Scottish law and order minister Henry McLeish wants people to make a stand no matter how minor the offence or anti- social behaviour.

He reckons widespread acceptance of "so-called petty crimes", including vandalism and graffiti, is dragging down entire communities.

And that makes them even more vulnerable to the headline-grabbing problems of violence, drug abuse and sex attacks, said Mr McLeish.

But critics accused him simply of using gimmicks and sound-bites, as well as being heavy- handed and over-simplifying the issue.

The minister also bluntly criticised councils for failing to keep streets clean.

He said: "I want every council to review what they are doing in terms of taking on graffiti and vandalism and littering.

"I don't want councils to tell me they don't have the resources for this.

"Often, it's not resources but lack of thought."

Mr McLeish made his comments as he unveiled a Government crackdown on lawbreakers.

It is outlined in a new document called A Safer Scotland - Tackling Crime And Its Causes.

Mr McLeish, who also examined confiscated weapons in Edinburgh, said the overall crime rate had fallen but offences involving drugs, violence or sex were proving difficult to tackle.

He said he wanted to develop Labour's well known election pledge: "Tough on crime, tough on the causes of crime".

Mr McLeish went on: "I know it will be difficult but I am asking Scots to walk tall.

"This is a war and there are many battles to be fought. People need to reclaim the streets."

He added: "I want to talk about the culture of crime.

"We can be far too complacent about second-rate services and standards in our communities.

"Mindless vandalism, graffiti and litter despoil our housing estates.

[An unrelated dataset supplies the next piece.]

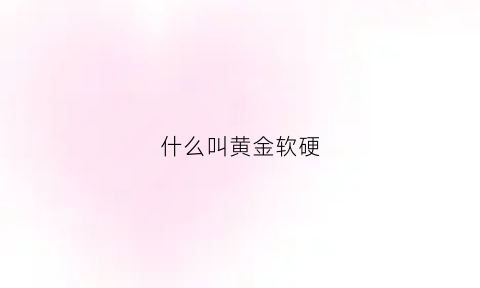 什么叫黄金软硬(什么是软黄金硬黄金)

"The message is that this kind of behaviour will not be tolerated.

"People have a right to a decent home and decent community.

"But too many people are not exercising their responsibilities."

Mr McLeish said the Government had made available legal measures to deal with petty criminals, such as anti- social behaviour orders, and increased council powers to evict problem tenants.

The theory behind zero tolerance is that communities which refuse to tolerate graffiti and vandalism will prove more resistant to thugs, racists and drug dealers.

A similar initiative in New York is credited with transforming the city, which used to be one of America's most dangerous.

Mr McLeish stressed direct action was also being taken against Scotland's most serious criminals.

He said the war would be stepped up against drug dealers, including increased use of powers to confiscate their assets.

There will be legislation to weed out people planning to use a position of trust to abuse those in their care, and easier access to criminal- record checks on people wanting to work with vulnerable groups.

The Scottish Office will continue their publicity campaign to make domestic violence - which accounts for a quarter of all violent crime - socially unacceptable. Action will be taken to cut vehicle crime by 30 per cent, or 26,000 offences, over the next five years.